Complaints about search function “bias” against conservative perspectives as in the recent article “Utah Sen. Mike Lee goes after Google” is part of a recent push for “balance” and “equal coverage” to portray a permanent moral equivalence of “right” and “left” on all matters.
We saw this thinking unveiled at Charlottesville to legitimize “both sides” in 2017 and it is the same wrong perspective animating the conservative attack on media and tech.
This perspective rehearsed at the highest levels of representative government incorrectly ascribes powers of control to large companies instead of to the democratic re-balancing that's really happening. That our senator is part of recent Big Tech targeting causes me to lose confidence that he has correctly tuned in to trends within his constituency and voter base.
People aren’t looking for conservative outlets like Breitbart in the numbers that warrant government interventions to “restore balance.” To boost or prop up visibility of these outlets is a form of social engineering actually antithetical to the Republican moorings I grew up with.
The myth of an American bi-partite system (Republican/Democrat, conservative/progressive, good/bad) simplifies governance so it can be continued “as is” by the elites who presently oversee it, even if it is manifestly broken.

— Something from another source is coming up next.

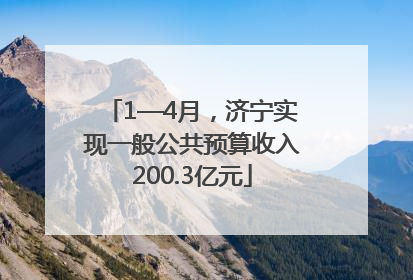 1—4月，济宁实现一般公共预算收入200.3亿元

Elected officials deepening the political trenches and displaying insensitivity to democratic expression will be increasingly rejected by millennials and the parents they influence, the young people they mentor, and the children they are raising.
The reason search engines are tending to the “left” is because people’s individual moral judgments en masse are recognizing and responding to a real moral center. That this plots “left” means that the “right” should seek moral courage not partisanship and fall-guy targets in Big Tech to cover for moral complacency. Focus.